Демид не спеша открыл свою папку. Развязал, поднял голову, взглядом осадил Устина.

– Борьба идет теперь страшнее, безжалостнее, – продолжал он, как заправский лектор. – Да, были четырнадцать государств, были немцы, Германия… На Германию у тех, кто не забыл про нас с тобой, была главная ставка. Ну что же, не вышло, просчитались где-то…

– Ничего себе! Рассказываешь так, будто в дурачка проиграли. А проиграли все на свете, проиграли – навечно. Навечно!

– Не думаю. Верно, Германия была разгромлена, повержена в прах А сейчас… Ты спрашиваешь, на что я надеюсь… на что нам надеяться теперь? Отвечаю – снова на Германию… на Западную Германию да на Америку. Может быть, это последняя наша надежда, последняя ставка, последний козырь…

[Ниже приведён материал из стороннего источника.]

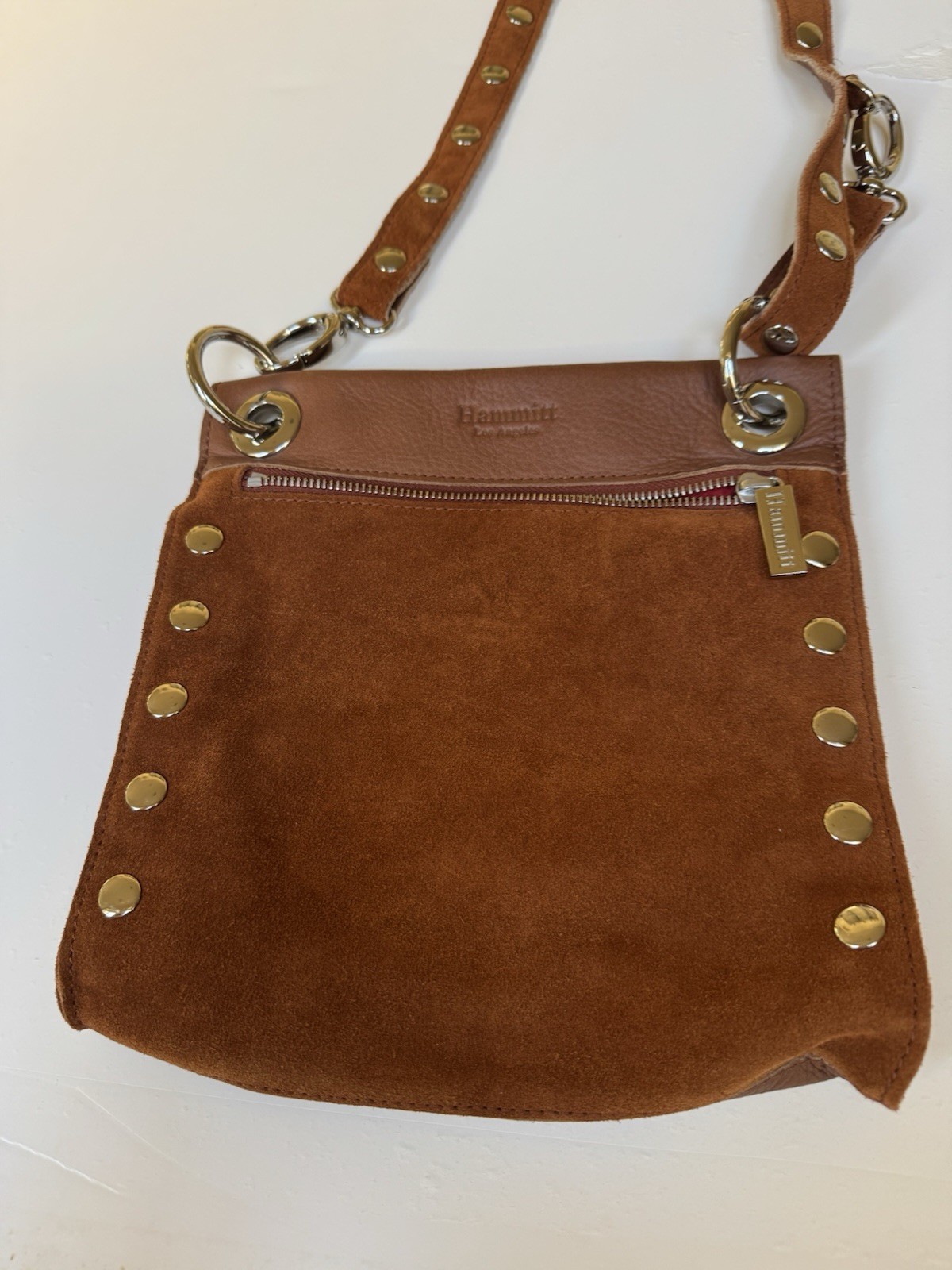 Hammitt Los Angeles Brown Studded Crossbody Bag, Zip Closure, Gold Hardware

Демид замолк, Морозов тоже притих.

Меньшиков взял из папки какой-то листок.

– Как уж получилось, что Германия возродилась из пепла – не нашего с тобой ума дело, – опять начал Демид. – Это просто наше счастье. В том проклятом году, когда кончилась война, нам с тобой было не до Германии. Но умные люди думали о ней. Умные люди остались еще в этой побежденной Германии, умные люди были в Америке. Они глядели далеко вперед и видели там одно и то же… Вот, – Демид выхватил из папки листок и потряс им перед носом Устина, – вот что писал тогда, в мае сорок пятого года, один из этих умных немцев: «Друзья, каждому из нас должно быть ясно, что мы теперь полностью находимся в руках врага. Наше будущее мрачно. Что они с нами сделают, мы не знаем, но мы очень хорошо знаем, что мы будем делать…» Понял ты? – снова затряс Демид своим листком. – «…мы очень хорошо знаем, что мы будем делать…» И они знали, знали! Вот, слушай дальше: «… Области, тысячелетиями бывшие немецкими, попадают теперь в руки русских. Ввиду этого политическая линия, которой мы должны следовать („должны следовать“ – запомни это, Устин!)…политическая линия, которой мы должны следовать, очень проста. Совершенно ясно, что начиная с настоящего момента мы должны идти вместе с западными державами…» Понял, Устин? Это говорилось в то время, когда западные державы – Америка, Англия, Франция – были союзниками Советской России, были победителями. Вот как они, эти умные люди, вопрос-то поворачивали! Вон как они видели! И дальше: «…должны идти с западными державами и сотрудничать с ними в западных оккупированных областях, ибо только в сотрудничестве с ними мы можем надеяться отвоевать впоследствии нашу страну у русских…» Понял?